Evidence of long ago logging documents the size of some of the trees that used to grow around the lake. All around, lie smaller logs that have been knocked down by wind or by the annual flooding of the lake as heavy rainfall swells the feeder creeks, or snow melt causes the lake to rise.
So the lake has areas where a boater must take care to avoid half-sunken logs and deadheads.
One such deadhead was just below the surface of the lake, so some thoughtful person attached a white float marker to it as a warning to boaters. I don’t have a photo of this marker, but it was a fair distance from shore.
I should mention that when Emma was only six months old, the Captain was walking along the banks of the Missouri River with her in Montana. Without warning, Emma jumped from the four-foot-high bank into the river. She loves the water.
So you can guess what she did as we motored along, and Emma spied the float. She must have thought it was a duck that needed to be retrieved.

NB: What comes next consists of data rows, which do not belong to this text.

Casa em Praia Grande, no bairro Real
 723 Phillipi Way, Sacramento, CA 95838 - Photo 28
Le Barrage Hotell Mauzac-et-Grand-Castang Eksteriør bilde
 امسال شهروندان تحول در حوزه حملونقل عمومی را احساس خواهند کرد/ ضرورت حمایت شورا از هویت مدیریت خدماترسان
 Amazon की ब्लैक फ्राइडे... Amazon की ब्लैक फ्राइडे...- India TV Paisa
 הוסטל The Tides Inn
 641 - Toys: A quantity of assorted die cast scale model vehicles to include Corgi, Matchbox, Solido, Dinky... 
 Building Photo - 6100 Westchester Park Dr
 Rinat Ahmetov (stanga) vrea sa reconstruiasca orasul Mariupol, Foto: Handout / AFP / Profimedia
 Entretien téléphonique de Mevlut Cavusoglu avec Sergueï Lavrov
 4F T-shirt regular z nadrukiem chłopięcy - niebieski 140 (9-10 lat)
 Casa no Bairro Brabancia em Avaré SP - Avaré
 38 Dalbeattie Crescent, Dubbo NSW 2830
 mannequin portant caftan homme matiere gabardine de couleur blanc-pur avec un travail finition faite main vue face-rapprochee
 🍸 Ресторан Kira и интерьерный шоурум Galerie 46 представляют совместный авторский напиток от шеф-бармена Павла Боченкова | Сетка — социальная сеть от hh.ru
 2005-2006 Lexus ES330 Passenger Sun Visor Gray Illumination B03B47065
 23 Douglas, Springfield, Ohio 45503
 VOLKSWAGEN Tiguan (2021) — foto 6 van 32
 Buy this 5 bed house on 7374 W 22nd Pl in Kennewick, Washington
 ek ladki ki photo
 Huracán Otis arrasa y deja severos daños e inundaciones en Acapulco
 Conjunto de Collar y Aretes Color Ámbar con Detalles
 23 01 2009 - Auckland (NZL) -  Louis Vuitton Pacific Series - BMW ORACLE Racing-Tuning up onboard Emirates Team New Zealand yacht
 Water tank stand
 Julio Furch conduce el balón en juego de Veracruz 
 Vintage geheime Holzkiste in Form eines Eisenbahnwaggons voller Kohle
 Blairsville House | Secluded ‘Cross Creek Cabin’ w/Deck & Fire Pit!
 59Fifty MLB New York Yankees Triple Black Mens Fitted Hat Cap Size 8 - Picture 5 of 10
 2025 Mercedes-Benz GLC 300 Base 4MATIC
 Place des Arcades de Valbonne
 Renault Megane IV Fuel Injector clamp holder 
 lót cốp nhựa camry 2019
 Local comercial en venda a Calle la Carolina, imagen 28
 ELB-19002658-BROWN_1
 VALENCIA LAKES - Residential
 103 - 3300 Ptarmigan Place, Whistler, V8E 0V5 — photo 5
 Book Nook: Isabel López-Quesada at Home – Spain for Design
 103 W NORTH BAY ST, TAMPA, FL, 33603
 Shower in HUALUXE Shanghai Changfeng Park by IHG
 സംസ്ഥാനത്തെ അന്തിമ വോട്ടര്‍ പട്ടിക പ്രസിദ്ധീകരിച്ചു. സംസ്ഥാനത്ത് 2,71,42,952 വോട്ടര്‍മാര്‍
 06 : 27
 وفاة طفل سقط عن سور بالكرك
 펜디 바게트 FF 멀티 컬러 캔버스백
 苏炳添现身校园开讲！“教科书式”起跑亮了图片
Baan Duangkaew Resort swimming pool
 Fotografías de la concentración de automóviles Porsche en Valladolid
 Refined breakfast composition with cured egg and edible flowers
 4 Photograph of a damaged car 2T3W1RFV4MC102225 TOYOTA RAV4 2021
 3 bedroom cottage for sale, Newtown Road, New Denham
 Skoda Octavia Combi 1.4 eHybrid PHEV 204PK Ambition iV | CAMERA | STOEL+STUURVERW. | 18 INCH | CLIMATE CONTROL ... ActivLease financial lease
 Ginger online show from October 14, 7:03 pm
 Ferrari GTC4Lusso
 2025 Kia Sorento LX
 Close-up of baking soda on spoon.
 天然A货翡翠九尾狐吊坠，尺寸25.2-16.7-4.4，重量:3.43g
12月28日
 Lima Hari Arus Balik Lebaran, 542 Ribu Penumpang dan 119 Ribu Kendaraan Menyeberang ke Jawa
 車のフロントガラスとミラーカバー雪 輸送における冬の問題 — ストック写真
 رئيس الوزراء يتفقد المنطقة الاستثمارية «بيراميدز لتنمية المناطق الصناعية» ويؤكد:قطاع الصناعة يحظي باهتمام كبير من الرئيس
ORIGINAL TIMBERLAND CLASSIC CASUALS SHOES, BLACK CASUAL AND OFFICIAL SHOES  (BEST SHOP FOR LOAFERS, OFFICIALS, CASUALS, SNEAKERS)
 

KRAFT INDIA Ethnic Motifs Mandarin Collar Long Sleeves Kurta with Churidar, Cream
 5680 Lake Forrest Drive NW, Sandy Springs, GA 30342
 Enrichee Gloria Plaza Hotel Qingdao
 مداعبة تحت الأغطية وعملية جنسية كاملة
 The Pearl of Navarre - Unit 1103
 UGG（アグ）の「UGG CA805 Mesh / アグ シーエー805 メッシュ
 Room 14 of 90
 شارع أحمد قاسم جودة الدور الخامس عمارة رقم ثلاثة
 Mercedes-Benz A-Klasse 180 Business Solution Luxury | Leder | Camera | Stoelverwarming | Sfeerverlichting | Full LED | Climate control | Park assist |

A flying leap, an Olympic dive, two gasps from us in the boat!
The Captain immediately shut down the outboard motor, called his enthusiastic dog back to the boat, and hoisted her aboard. I expected to get shaken on, but what I didn’t count on was that she leaned on me on her way back to her front row seat and got my backside sopping wet before she gave me her shower.
I remember the Captain asking me then if I still loved my dog.